Van Damme’s interview with Playgirl magazine in 1993 confirmed as much.  “I’m very surprised for an action star to have so much fan mail from female fans. That’s why I did Nowhere to Run—just to do something different with more of a story on the love side, the relationship side. I’m trying to please them.” 

For Nowhere to Run, screenwriter Joe Eszterhas, of Basic Instinct fame, but the response was lukewarm. Still, it was an interesting effort to do just as Van Damme had said—appeal more broadly to female fans and try a part as a romantic lead opposite Rosanna Arquette. Vanessa Letts, for the Spectator newspaper, wrote of the film, “The plot is a succession of flimsy excuses for dressing Van Damme up and stripping him down again.” This is accurate, though admittedly the kind of complaint I struggle to agree with. If Van Damme’s desirability seems a little ridiculous to women now, just remember: he made a cameo as himself in a 1994 episode of Friends, where Monica and Rachel fought over his attentions. In retrospect, this may be the ultimate symbol of his pull during the early part of the decade. 

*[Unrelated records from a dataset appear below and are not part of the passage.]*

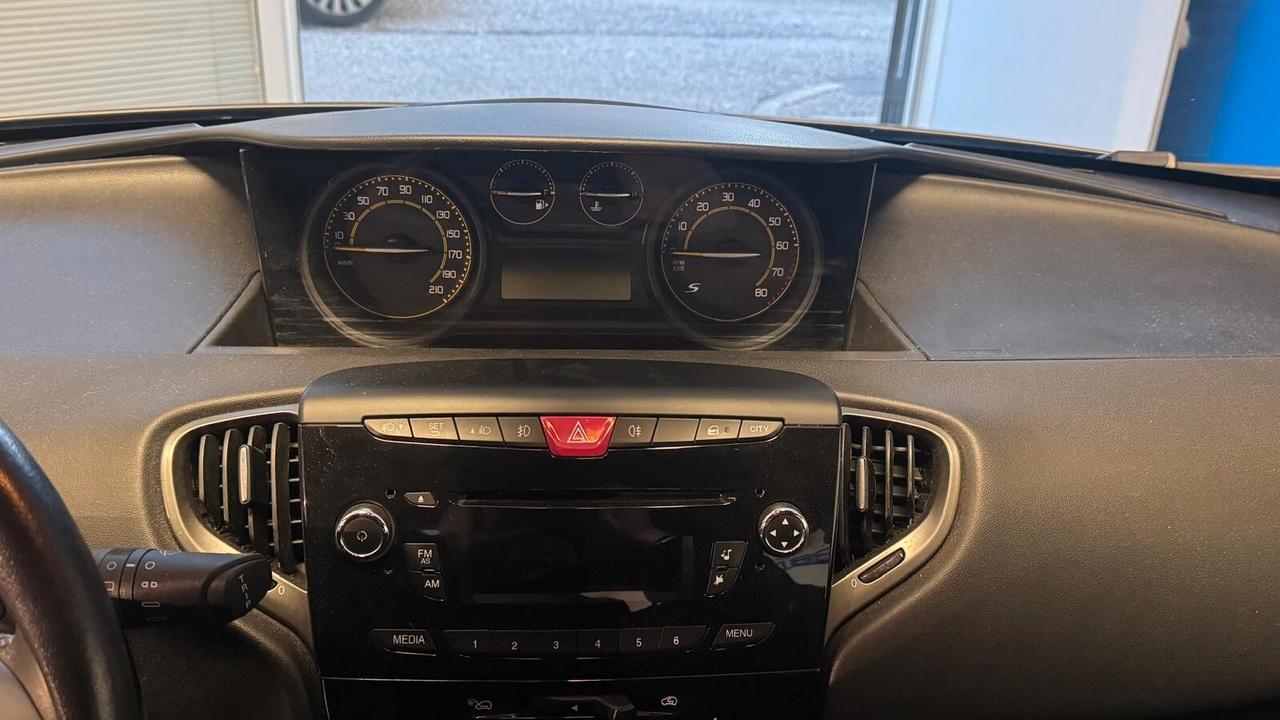 Lancia Ypsilon 1.2 69 CV 5 porte GPL Ecochic S Momodesign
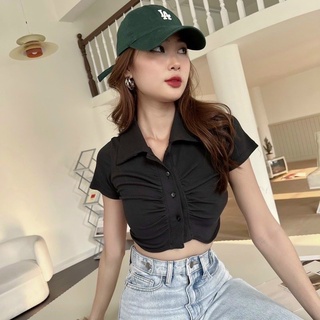 Áo croptop polo nút gài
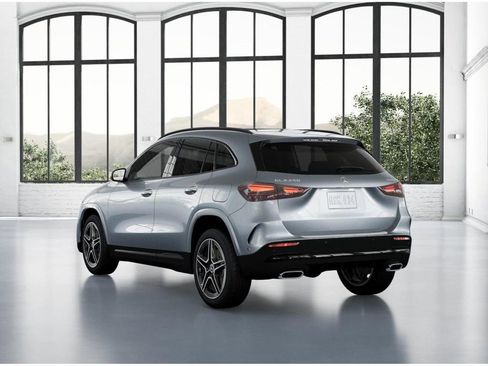 New 2026 Mercedes-Benz GLA 250 4MATIC image 28
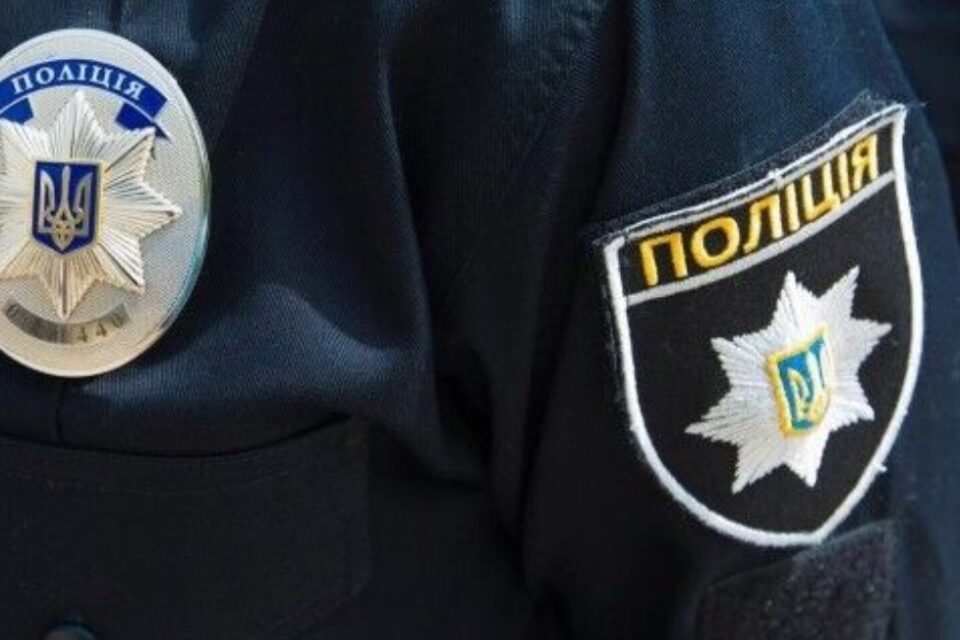У Подільську троє п’яних буянили в лікарні, а потім напали на поліцейських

It was also clear that it wasn’t just women Van Damme appealed to. In a Movieline interview the following year, Van Damme said, “It doesn’t disturb me to have gay fans. Maybe they like me because they have a high level of taste.” Egotistical—and broadly stereotypical—though it was, it showed a canniness for homoeroticism that can be seen throughout Van Damme’s films. As scholar Yvonne Tasker has written, it’s hard to miss the fact that Van Damme perfectly resembles a model for a Tom of Finland sketch, and she’s far from the only academic to point out the barely-disguised gay impulses in “hardbody” action movies of this era. The hyper-masculinity of stars like Van Damme is pumped up; his slick muscles are covered in army gear, and other signifiers of violence and machismo are working to undercut anything that might be interpreted as—simply—"too gay.” 

The apotheosis of this must be in Roland Emmerich’s Universal Soldier (1992), where Van Damme and Dolph Lundgren are reanimated super soldiers pitted against one another because they happen to remember their enmity in a previous life. It’s roughly as silly as it sounds, but great fun to watch, particularly as Van Damme relearns how to eat and do other basic tasks with some hilarious misunderstandings. Emmerich, a gay man, has great fun continuing to find excuses to strip two super henchmen down on every occasion. In this case, the excuse is truly great: the super-soldiers can fatally overheat and need to be cooled down by semi-regular ice baths in the nude. Repeatedly, the eroticized Van Damme would flirt with the camera, knowing that he was as appealing to women and gay men as he was to the red-blooded martial arts movie audience. The Muscles from Brussels had brains when it came to his persona, and no shame when it came to showing his ass.